One thing I love about teaching – good teaching – is that it is inherently subversive. Good teaching challenges the status quo because deep learning is subversive as well. Developing enduring understandings never happens by the book. It happens in times of real world engagement, when what we think we know is challenged, and we need to adapt and modify in order to make something significant happen in that real world. Too often we lose sight of this in schools. Instead, we spend all of our mental and physical energy designing teaching and learning to be the exact opposite of subversive. We work, against our better judgement, to sanitize the learning, to make it predictable and safe. And we have many forces at work encouraging us, even supporting us, to do this: scripted curricula, overuse of standardized tests to measure learning, large class sizes, etc. In this kind of environment, it is easy to schoolify learning. Schoolification is when we take a real-world practice (e.g. writing, geometry, physics), and we remove any of the real-worldness out of it to manage it as a subject instead of treating it as a way of being in the world. Ironically, what we need to be doing in schools is designing learning to not look, sound, or feel anything like what students and teachers commonly define school as and instead create learning opportunities that more closely reflect how we develop understandings and make things happen in the world. We need to do this not only because it is the way we truly learn but also because schoolification has a tendency to encourage several nasty habits: a fixed-mindset and co-dependent behavior when it comes to learning, and lack of resiliency when it comes to challenges.
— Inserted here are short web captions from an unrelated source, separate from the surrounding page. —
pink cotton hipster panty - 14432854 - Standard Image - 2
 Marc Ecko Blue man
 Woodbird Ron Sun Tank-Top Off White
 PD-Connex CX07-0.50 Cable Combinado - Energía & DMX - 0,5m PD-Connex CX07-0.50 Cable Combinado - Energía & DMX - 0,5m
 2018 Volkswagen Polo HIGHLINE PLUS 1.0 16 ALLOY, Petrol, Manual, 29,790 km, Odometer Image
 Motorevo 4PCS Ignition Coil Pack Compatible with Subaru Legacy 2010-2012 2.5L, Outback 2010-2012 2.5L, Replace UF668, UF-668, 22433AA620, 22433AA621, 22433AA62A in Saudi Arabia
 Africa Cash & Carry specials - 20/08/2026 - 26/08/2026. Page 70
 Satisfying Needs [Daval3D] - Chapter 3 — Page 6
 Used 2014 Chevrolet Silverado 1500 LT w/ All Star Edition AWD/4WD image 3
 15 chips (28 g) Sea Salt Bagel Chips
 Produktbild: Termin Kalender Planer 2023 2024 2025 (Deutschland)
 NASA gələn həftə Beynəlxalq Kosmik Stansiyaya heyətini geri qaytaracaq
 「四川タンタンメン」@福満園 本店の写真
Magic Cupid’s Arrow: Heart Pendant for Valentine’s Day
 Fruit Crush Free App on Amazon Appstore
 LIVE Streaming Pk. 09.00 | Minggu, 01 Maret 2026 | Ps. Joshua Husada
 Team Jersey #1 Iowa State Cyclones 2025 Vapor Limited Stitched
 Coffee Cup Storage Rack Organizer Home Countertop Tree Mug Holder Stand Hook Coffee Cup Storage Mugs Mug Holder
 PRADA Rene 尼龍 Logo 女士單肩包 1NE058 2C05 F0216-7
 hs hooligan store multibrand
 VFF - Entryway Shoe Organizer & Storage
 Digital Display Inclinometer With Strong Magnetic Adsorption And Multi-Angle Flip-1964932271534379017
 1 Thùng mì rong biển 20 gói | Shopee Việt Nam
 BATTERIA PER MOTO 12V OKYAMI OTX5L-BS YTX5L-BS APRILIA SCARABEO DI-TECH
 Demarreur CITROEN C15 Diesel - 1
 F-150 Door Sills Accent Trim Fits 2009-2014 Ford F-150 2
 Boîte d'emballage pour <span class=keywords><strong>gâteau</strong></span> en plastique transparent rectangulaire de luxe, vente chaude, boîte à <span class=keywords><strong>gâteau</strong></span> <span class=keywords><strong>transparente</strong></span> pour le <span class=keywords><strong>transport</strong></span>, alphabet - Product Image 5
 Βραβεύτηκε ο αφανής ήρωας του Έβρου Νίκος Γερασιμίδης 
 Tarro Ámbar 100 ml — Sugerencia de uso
So, in an effort to support learning environments that foster creative, risk-taking, and persistent teachers and students, here is a list of  20 signs that you are designing a real world classroom.

    1. The culmination of schoolwork is designed to be put back out in the world in a meaningful way through performance, publication, community engagement, etc.

    2. Textbooks are viewed as one of many resources students can use to develop purposeful understandings

    3. Teachers use the word “uncover” when talking about teaching and learning

    4. The majority of the work is appropriative, meaning students are being “specialists” in the field – scientists, mathematicians, writers, historians, artists, linguists – rather than students of subjects

    5. Teachers are positioned as these specialists too, living the life of a scientist, for example

    6. Lessons and/or units are contiguous. They are connected and build on one another. Students are expected to be able to bridge skills and concepts from one unit to another

    7. Students want to keep their work from past units because it is useful in the present

    8. Teachers and students find multiple uses for work

    9. The teacher finds him or herself grading different pieces of work from all of his or her students in a given unit, making it a learning opportunity for the teacher

    10. Difficulty, challenge, and obstacles are purposefully constructed and celebrated because teachers and students know that life is a series of difficulties, challenges, and obstacles

    11. These difficulties, challenges, and obstacles are solved collaboratively

    12. Teachers and students work together. The teacher is doing the same work as the students because the project is genuinely interesting to him/her as well

    13. The teacher is a learner and the students are teachers

    14. The teacher is often heard saying things like “I’m not sure. What do you think?” or “How could we figure that out?” or “What kind of work could you do that would help you figure out how to answer that?”

    15. Questions are celebrated and answered by the group

    16. Teacher provides scaffolding for projects, coaching students along the way, creating avenues for students to share progress, ask questions, discuss models, and collaboratively solve problems

    17. Evaluation is constructive and focuses on quality criteria – what does strong work look like in this vein?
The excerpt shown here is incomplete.